▶ Problem:
Would you retype exactly the lines below, starting with the one that has "5-BEDROOM TOWNHOUSE FOR RENT - LAVINGTON" and going on through the one that has "2001 Blinding Pt", with no pictures and nothing else?

▶ The input:
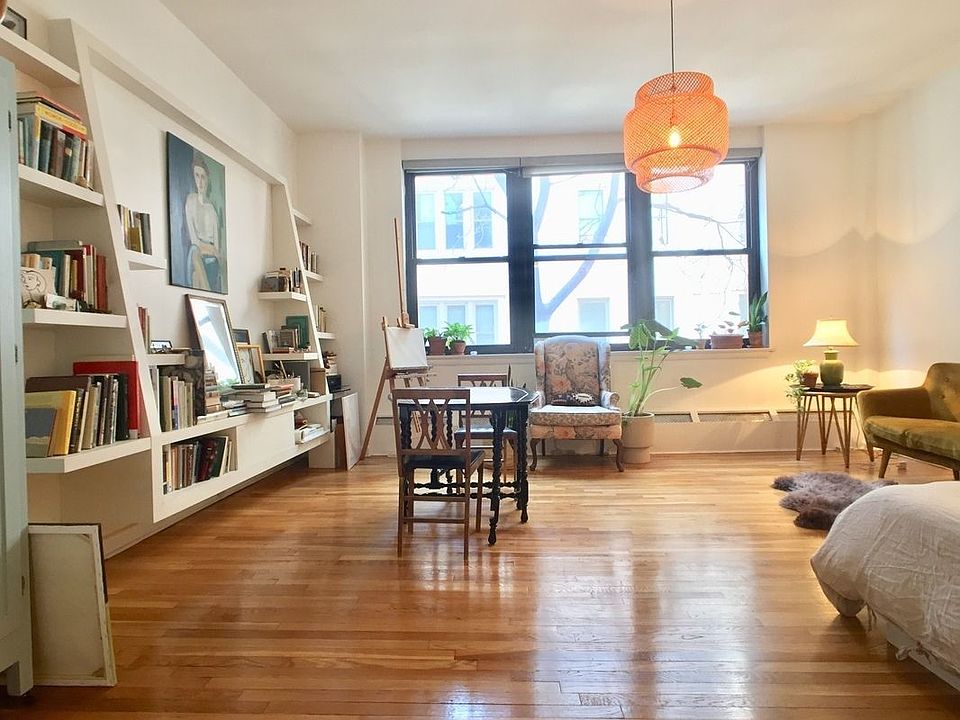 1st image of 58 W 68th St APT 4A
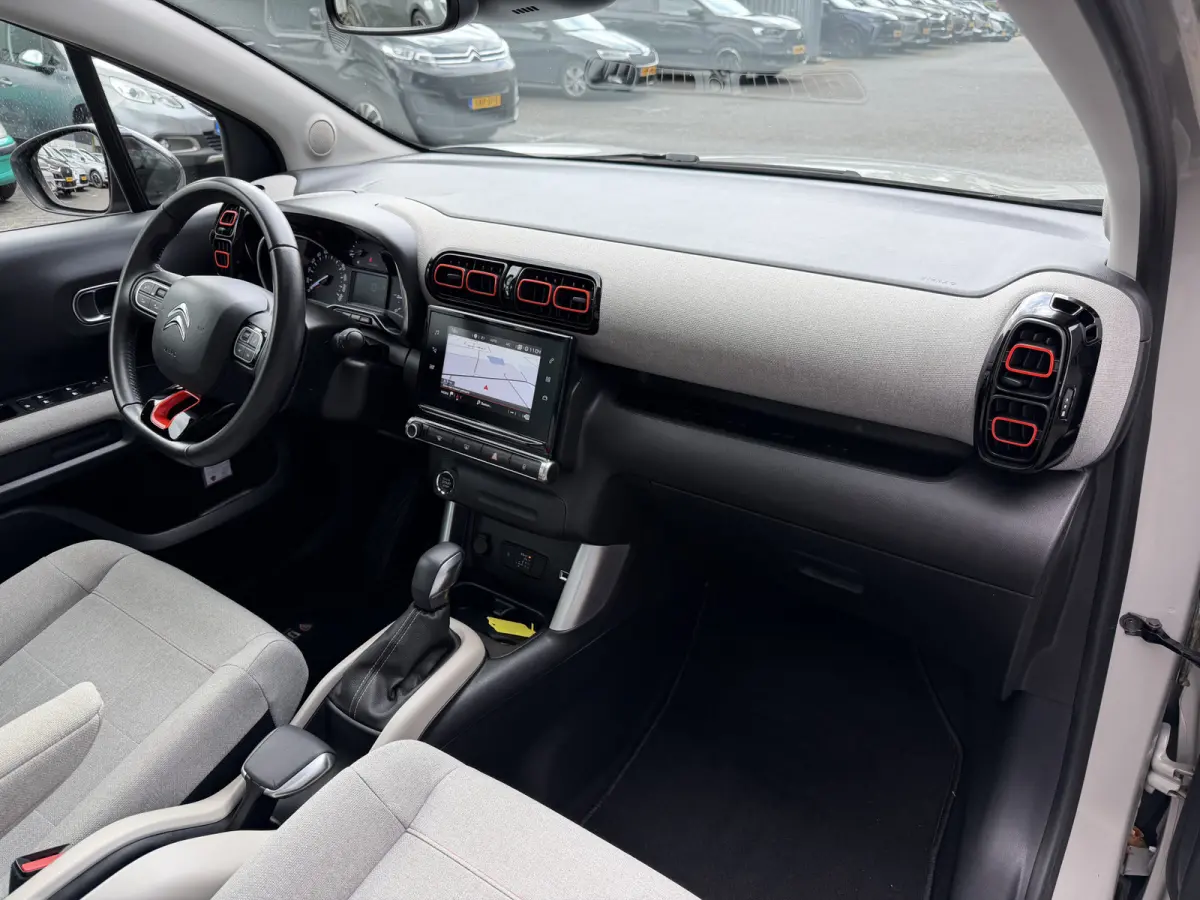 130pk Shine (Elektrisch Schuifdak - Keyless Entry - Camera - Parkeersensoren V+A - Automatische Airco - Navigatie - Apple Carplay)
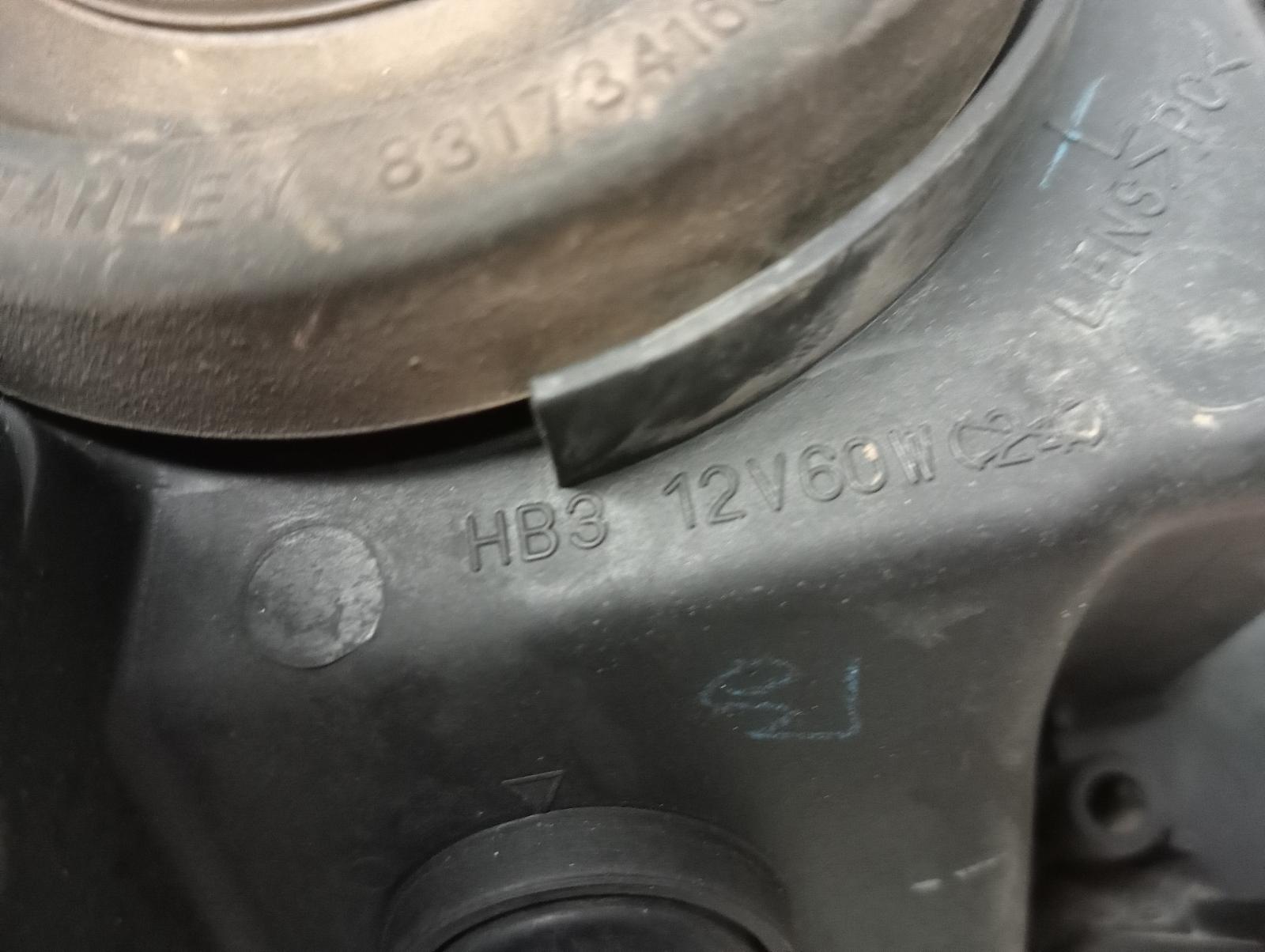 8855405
==
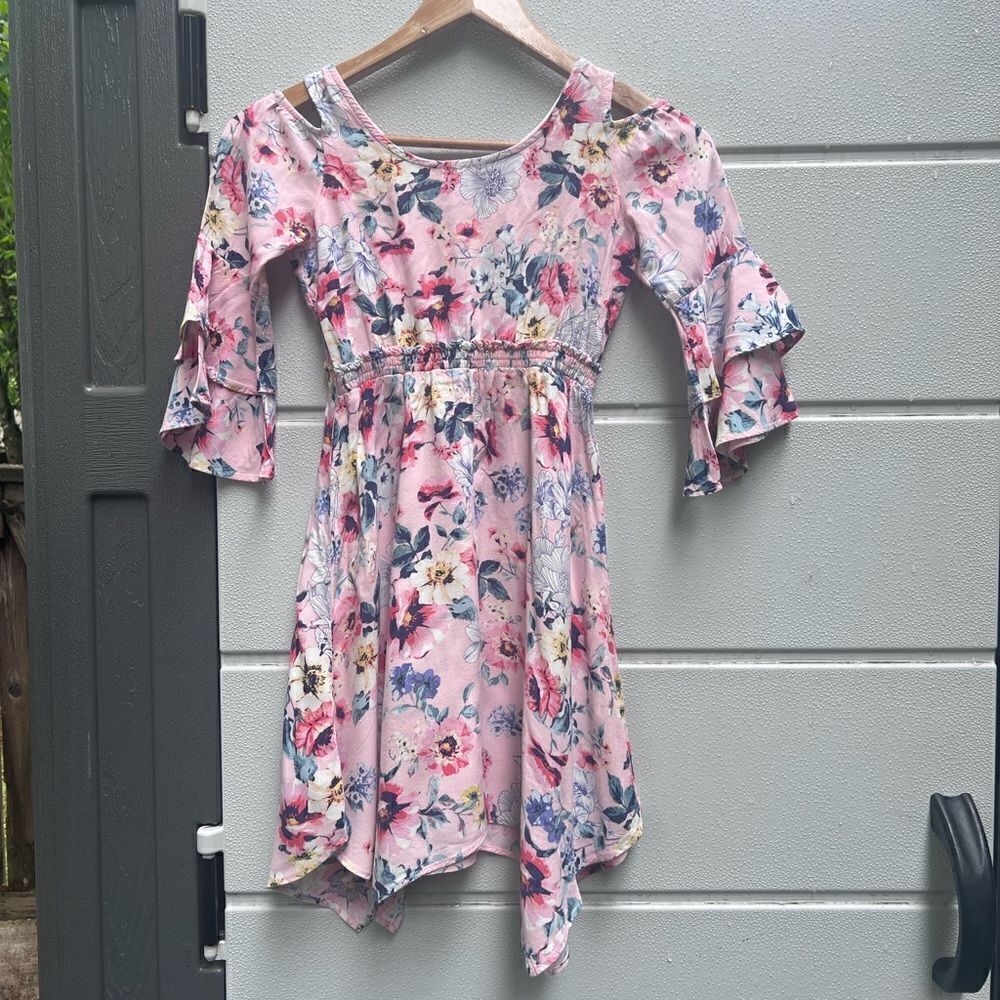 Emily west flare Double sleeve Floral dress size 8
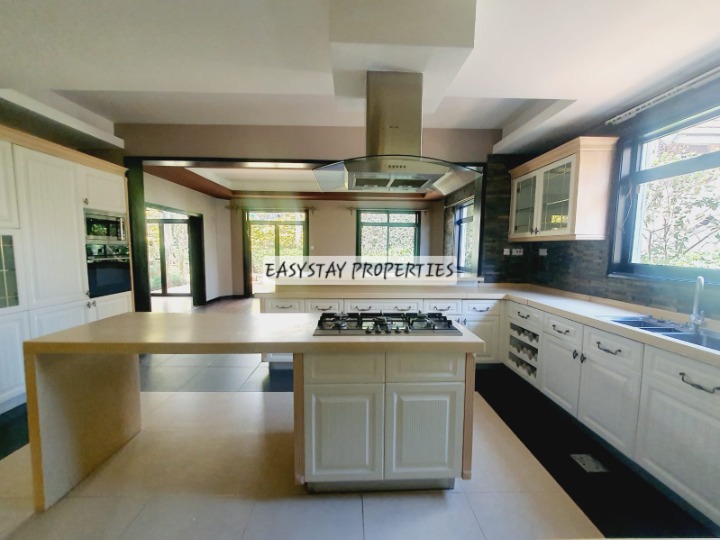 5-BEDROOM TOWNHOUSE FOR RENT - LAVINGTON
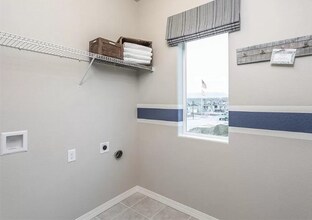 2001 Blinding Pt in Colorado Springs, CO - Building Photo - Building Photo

▶ Solution to this problem:
 5-BEDROOM TOWNHOUSE FOR RENT - LAVINGTON
 2001 Blinding Pt in Colorado Springs, CO - Building Photo - Building Photo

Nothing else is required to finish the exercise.